Sam Bankman-Fried Takes Stand to Deny Fraud Charges

Sam Bankman-Fried

Sam Bankman-Fried took the stand in a New York courtroom on Friday (Oct. 27) to defend himself against charges of criminal fraud.

Cryptocurrency exchange FTX founder Bankman-Fried, who could potentially face a life sentence if convicted, denied the allegations leveled against him, CNBC reported Friday.

During his testimony, Bankman-Fried stated, “No, I did not,” when asked if he defrauded anyone, according to the report.
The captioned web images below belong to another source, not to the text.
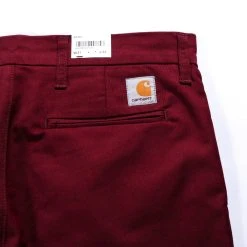 CARHARTT WIP SID PANT 'LAMAR' STRETCH TWILL CRANBERRY -N.HOOLYWOOD Shop wipd8 b8177006 473c 4b82 8a3c a2ea8f99818e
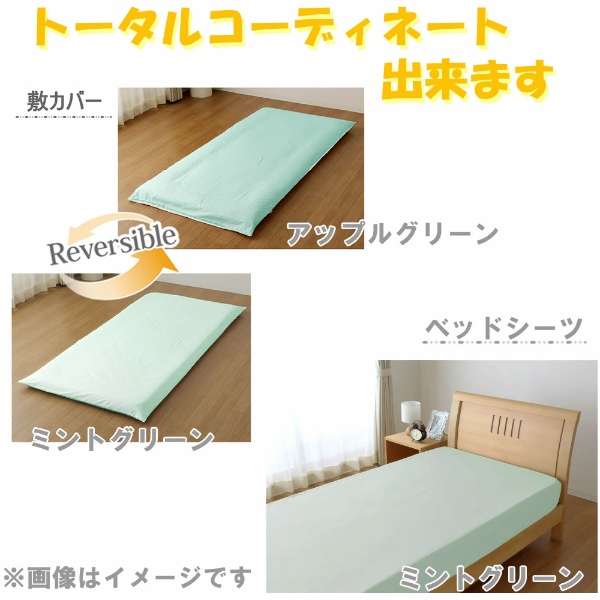 [被褥床罩]FROM单人尺寸(棉100%/150×210cm/苹果绿)_7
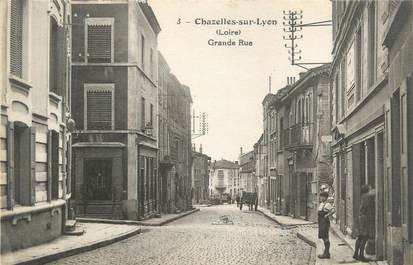 CPA FRANCE 42 " Chazelles sur Lyon "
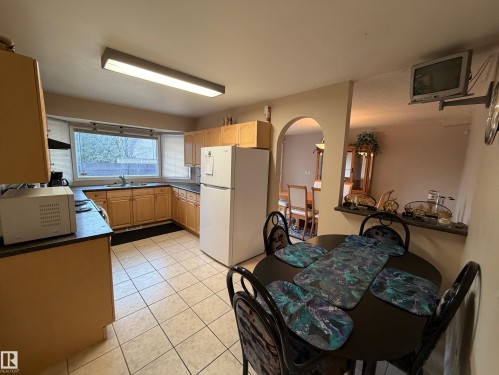 3841 62 Street Nw, Edmonton, AB - Indoor Photo Showing Kitchen With Double Sink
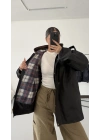 Barbour Kapişonlu Ceket - Siyah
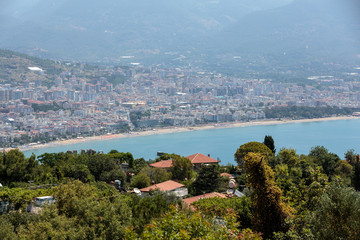 Alanya - the beach of Aladdin .  Alanya is one of most popular seaside resorts in Turkey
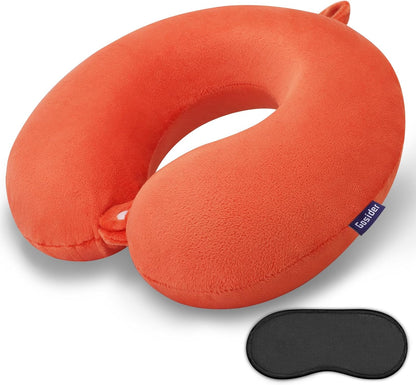 Travel Neck Pillow Memory Foam Airplane Pillows, Black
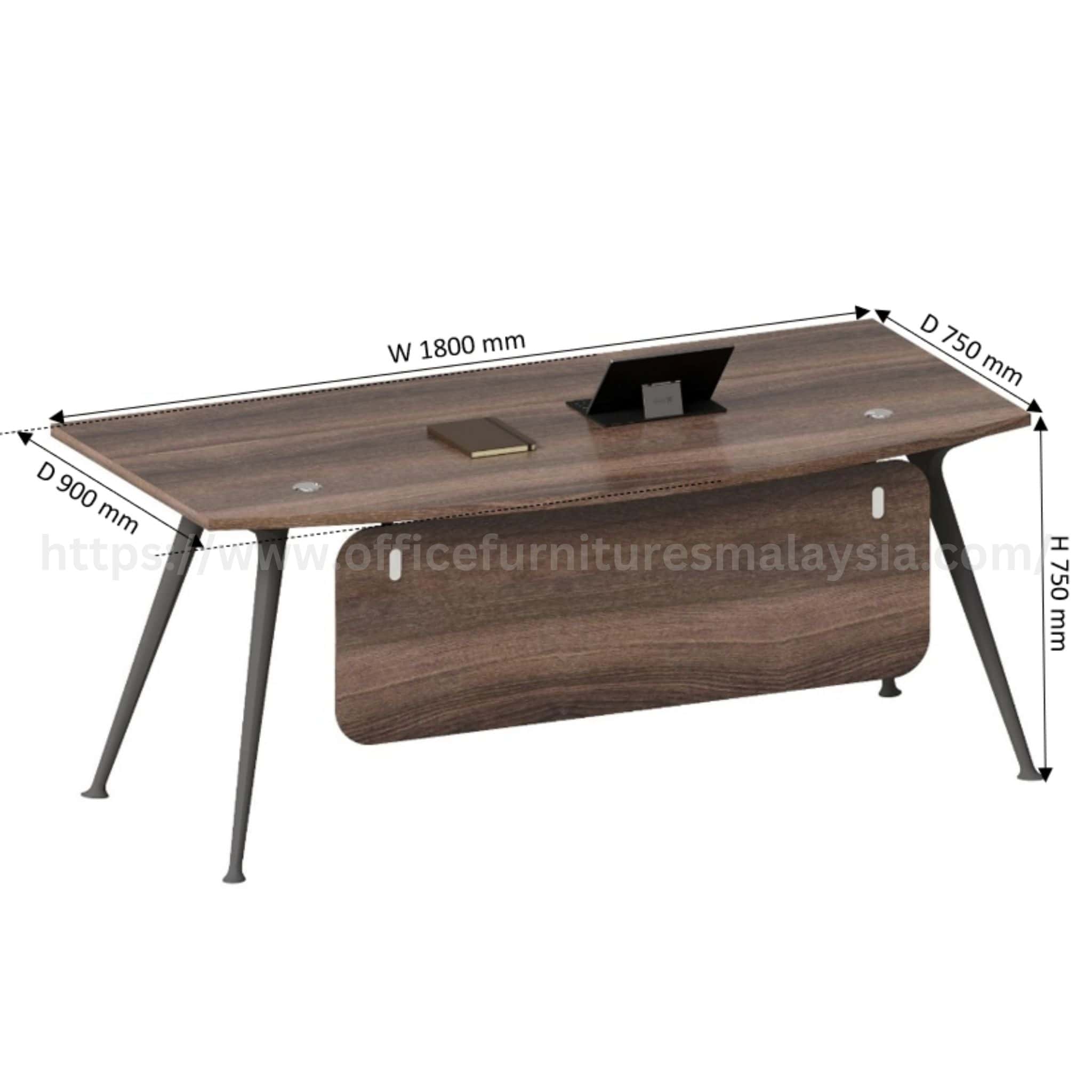 6 ft Wesley Executive Table D Shape Pulau Indah Klang Semenyih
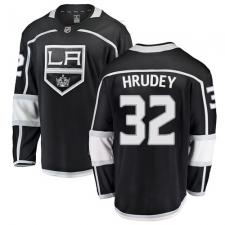 Men's Los Angeles Kings #32 Kelly Hrudey Authentic Black Home Fanatics Branded Breakaway NHL Jersey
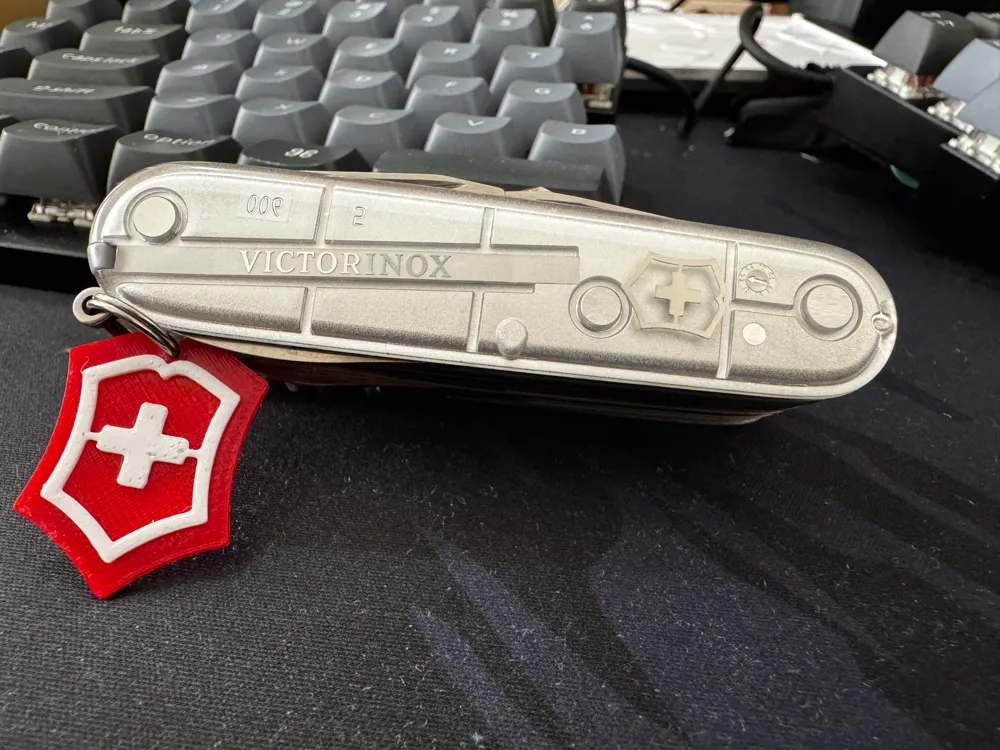 Keychain Victorinox - Free 3D Print Model - MakerWorld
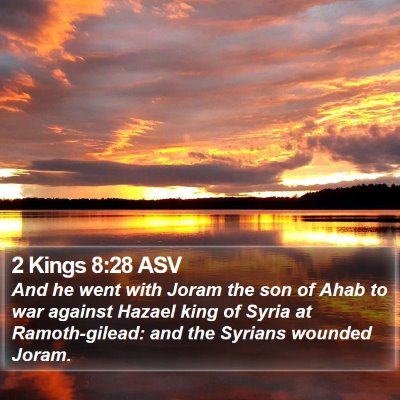 2 Kings 8:28 ASV Bible Verse Image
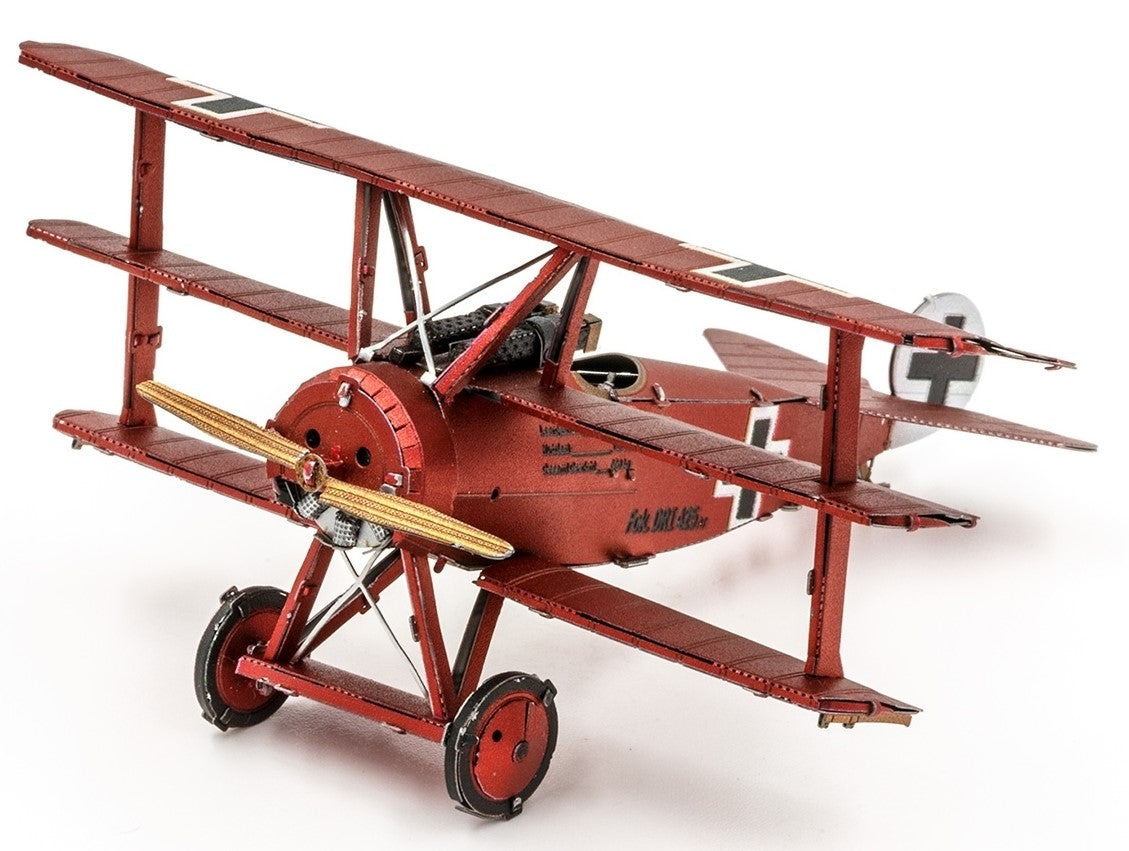 Metal Model Kit Aviation Plane Fokker Dr.I Triplane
He also denied taking customer funds, refuting claims made by several former top associates who testified against him.

Bankman-Fried is facing seven criminal counts, including wire fraud, securities fraud and money laundering.

Throughout the trial, members of FTX’s top leadership team and individuals associated with sister hedge fund Alameda Research accused Bankman-Fried of orchestrating a scheme to use FTX customer funds for personal ventures and to cover losses in Alameda’s cryptocurrency investments, the report said.

During his Friday testimony, the defense had Bankman-Fried describe his background and his entry into the crypto field, noting that he studied physics at the Massachusetts Institute of Technology and worked as a trader at Jane Street before founding Alameda Research in 2017, per the report. In 2019, he established FTX, which quickly gained traction and gained trading volume of $10 billion to $15 billion per day by 2022.

Bankman-Fried admitted to significant oversights, particularly in not having a risk management team or chief regulatory officer, according to the report. He said Alameda was permitted to borrow from FTX but that he believed the money was coming from margin trades, collateral from margin trades and interest-earning assets on the platform.

At FTX, there were no restrictions on what could be done with borrowed funds as long as the firm believed assets exceeded liabilities, Bankman-Fried said, per the report.

The prosecution has presented evidence, including encrypted messages and internal documents, suggesting that Bankman-Fried was involved in the spending of FTX customer funds, the report said.

This testimony came a day after Bankman-Fried made a dry run, presenting his first words in his own defense in a relatively empty courtroom after the judge overseeing the case had sent the 12-member jury home.

“There are areas of testimony that the government contends the jury should not hear,” Judge Lewis Kaplan said during the Thursday (Oct. 26) dry run. Kaplan explained that there were potential areas of testimony that are in dispute and that he needed to determine whether that testimony could be repeated to the jurors.